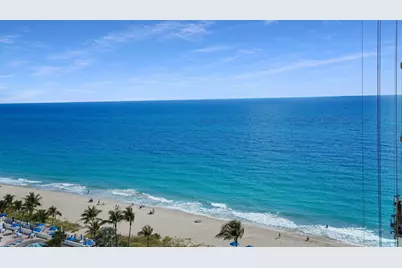 4100 Galt Ocean Drive #1403, Fort Lauderdale, FL 33308 - Photo 45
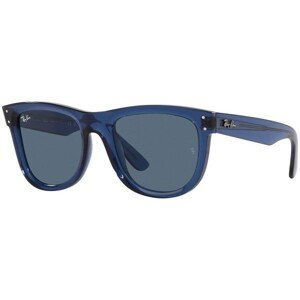 Ray-Ban Wayfarer Reverse RBR0502S 67083A - L (53)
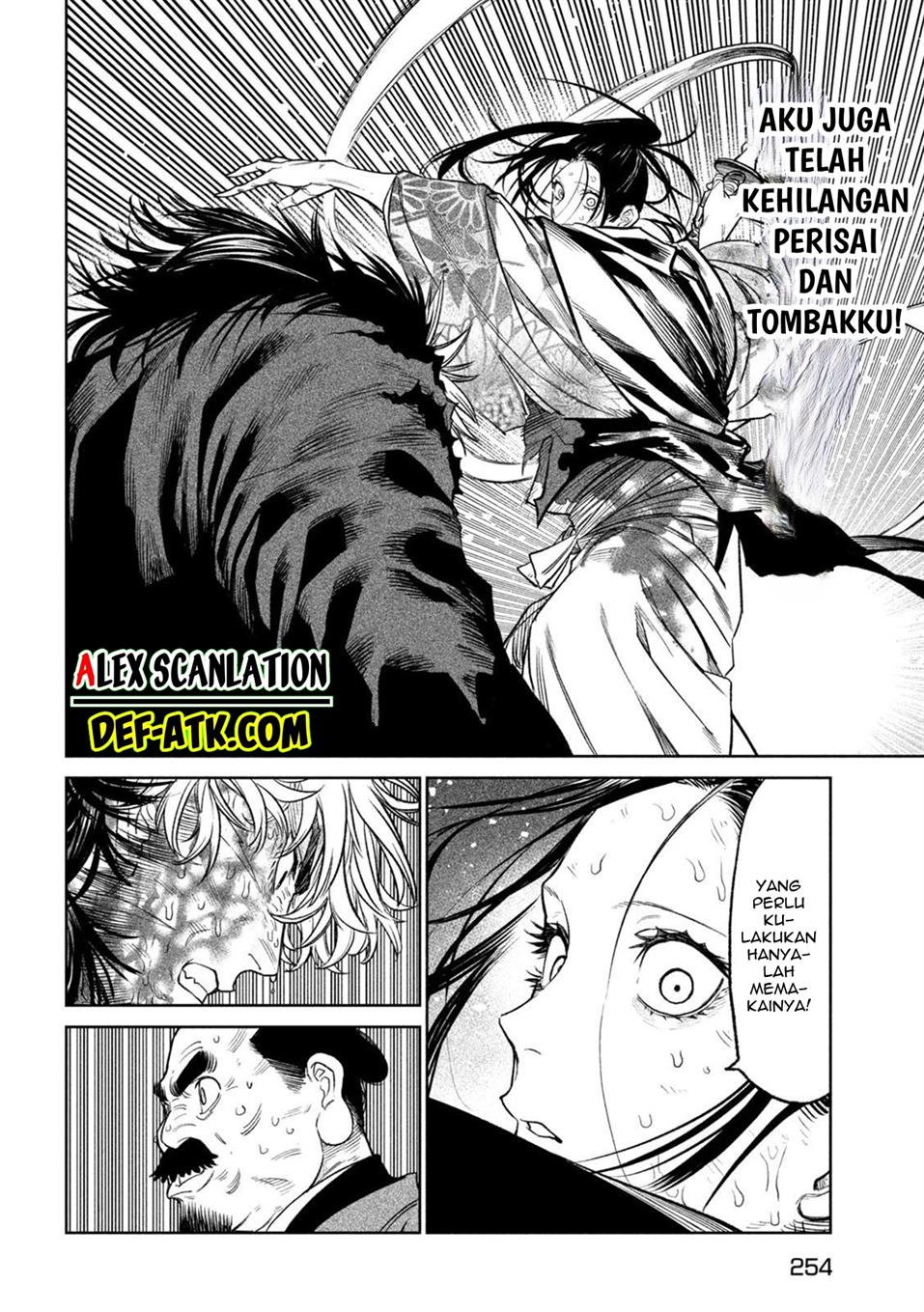 Chapter 30 - halaman 17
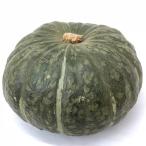 [ распродажа .]. делать marron тыква 2 шар [ бесплатная доставка ]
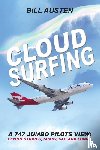 Austen, Bill - A Cloud Surfing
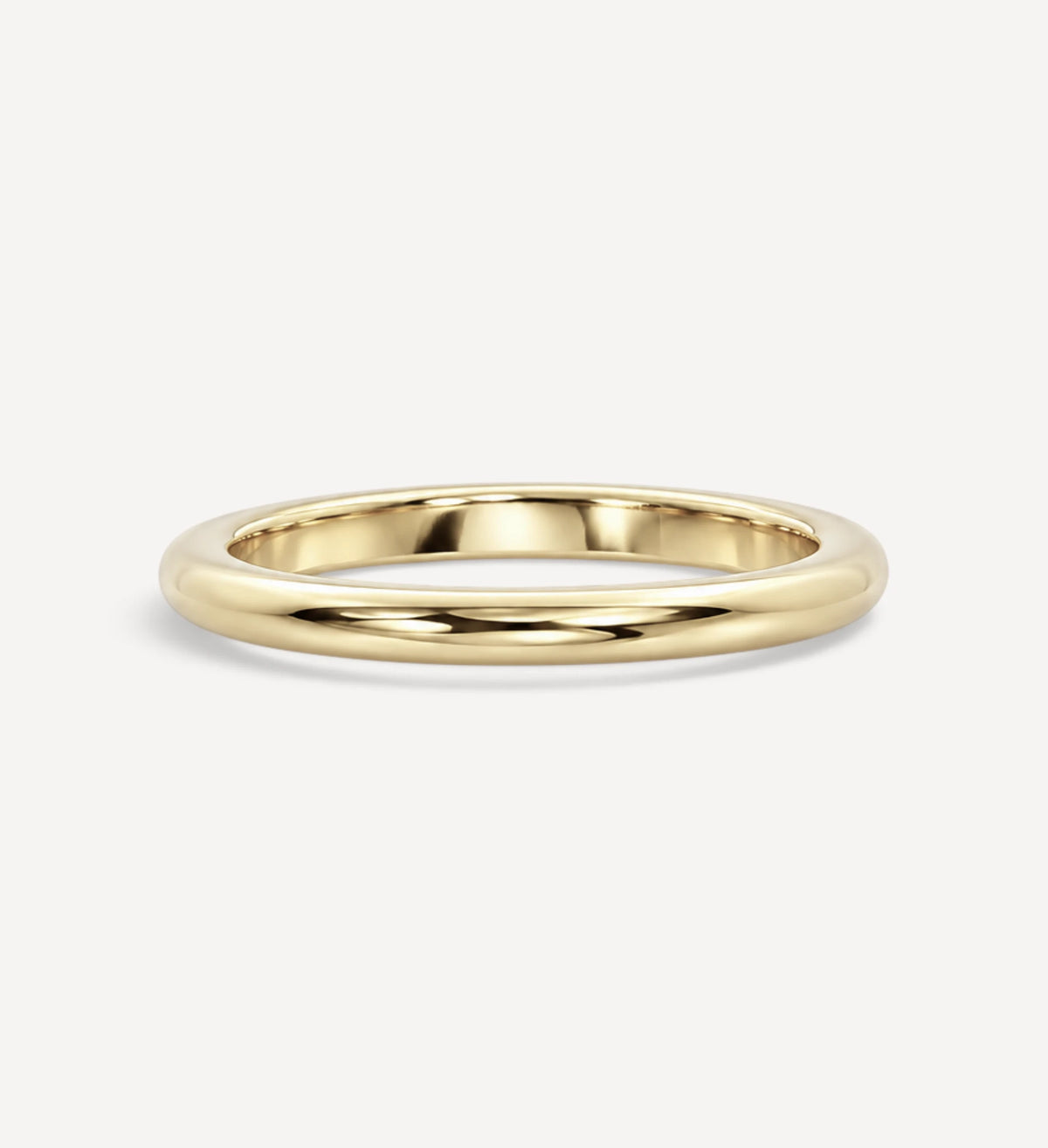 Paloma Ring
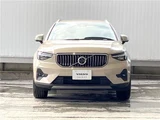 2025 Volvo XC40 B4 AWD Sedan for sale, Japanese used car export - photo 6 of 30 | GULJI TRADERS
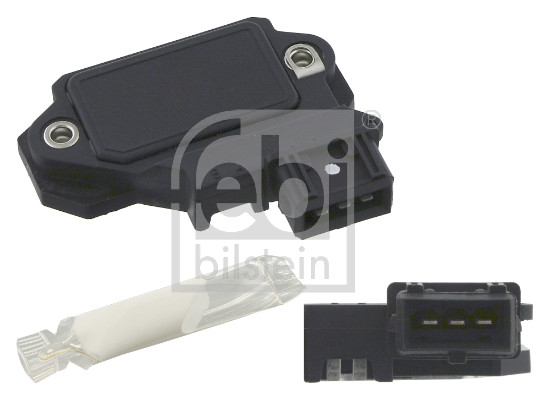 uždegimo jungiklis - 26492 FEBI BILSTEIN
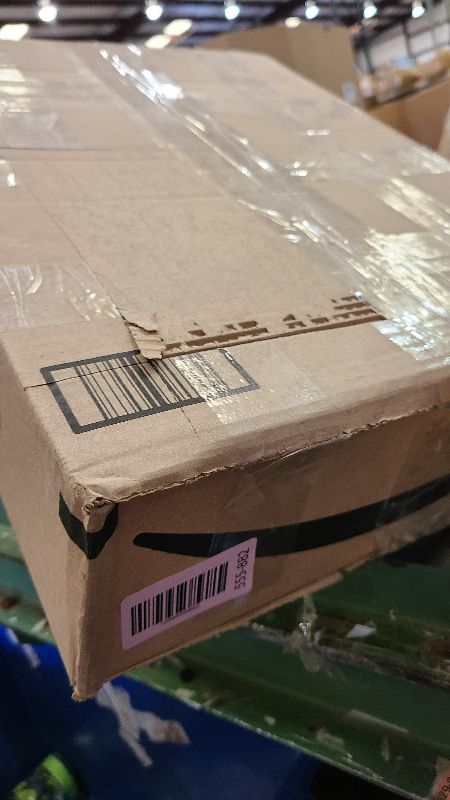 Photo 1 of 14" inch Slim Fan Push Pull Electric Radiator Cooling Fans 12V Mount Kit Unversal Black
※
Quote only what lies between the first line of the records and the line containing "Paloma Ring", please, including both lines and excluding images.

 4100 Galt Ocean Drive #1403, Fort Lauderdale, FL 33308 - Photo 45
 Ray-Ban Wayfarer Reverse RBR0502S 67083A - L (53)
 Chapter 30 - halaman 17
 [ распродажа .]. делать marron тыква 2 шар [ бесплатная доставка ]
 Austen, Bill - A Cloud Surfing
 Paloma Ring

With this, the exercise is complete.